The claustrum is a thin sheet of cells underlying the insular cortex of the brain, one on each hemisphere. It is histologically more homogeneous than most brain structures, and intriguingly, unlike most brain structures (which send and receive signals to and from a small subset of other structures), the claustrum is reciprocally connected with almost every cortical region. The structural and functional streamlining might ensure that, when waves of information come through the claustrum, its neurons will be exquisitely sensitive to the timing of the inputs.

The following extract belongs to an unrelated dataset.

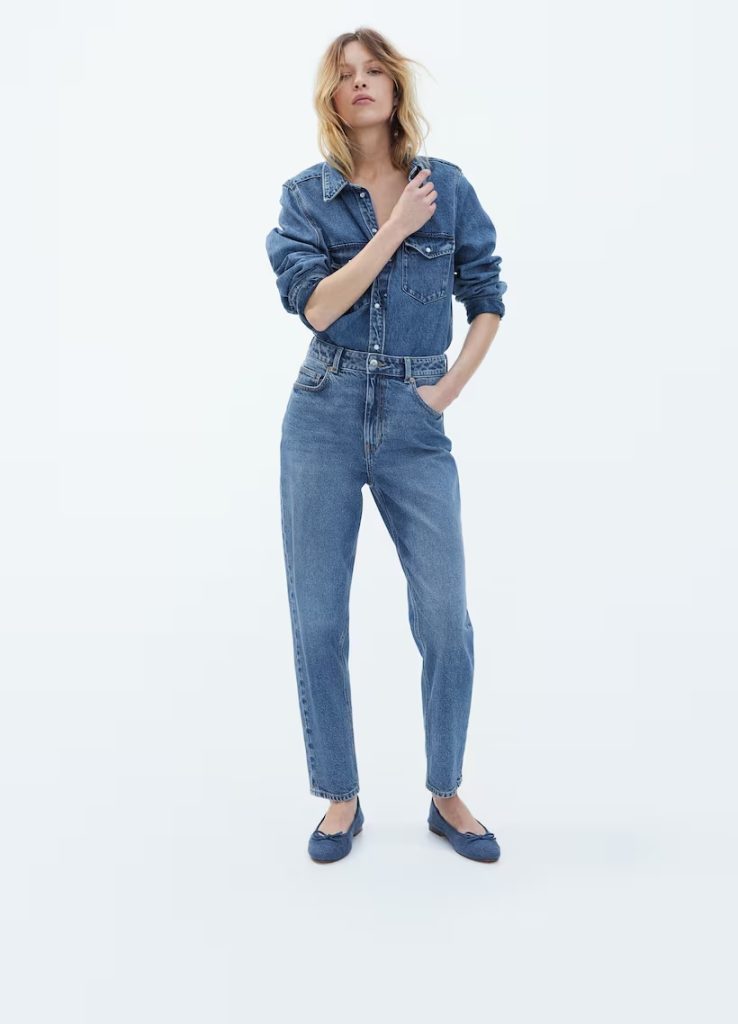 H&M outfits 9 - High Rise Slim Leg Mom Jeans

What does this have to do with consciousness? Instead of focusing on pedantic philosophical issues, Crick and Koch began with their naïve intuitions. "Consciousness" has many attributes—continuity in time, a sense of agency or free will, recursiveness or "self-awareness," etc. But one attribute that stands out is subjective unity: you experience all your diverse sense impressions, thoughts, willed actions and memories as being a unity—not jittery or fragmented. This attribute of consciousness, with the accompanying sense of the immediate "present" or "here and now," is so obvious that we don't usually think about it; we regard it as axiomatic.

So a central feature of consciousness is its unity—and here is a brain structure that sends and receives signals to and from practically all other brain structures, including the right parietal (involved in polysensory convergence and embodiment) and anterior cingulate (involved in the experience of "free will"). Thus the claustrum seems to unify everything anatomically, and consciousness does so mentally. Crick and Koch recognized that this may not be a coincidence: the claustrum may be central to consciousness; indeed it may embody the idea of the " Cartesian theater" that's taboo among philosophers—or is at least the conductor of the orchestra. This is this kind of childlike reasoning that often leads to great discoveries. Obviously, such analogies don't replace rigorous science, but they're a good place to start. Crick and Koch may be right or wrong, but their idea is elegant. If they're right, they've paved the way to solving one of the great mysteries of biology. Even if they're wrong, students entering the field would do well to emulate their style. Crick has been right too often to ignore.

I visited him at his home in La Jolla in July of 2004. He saw me to the door as I was leaving and as we parted, gave me a sly, conspiratorial wink: "I think it's the claustrum, Rama; it's where the secret is." A week later he passed away.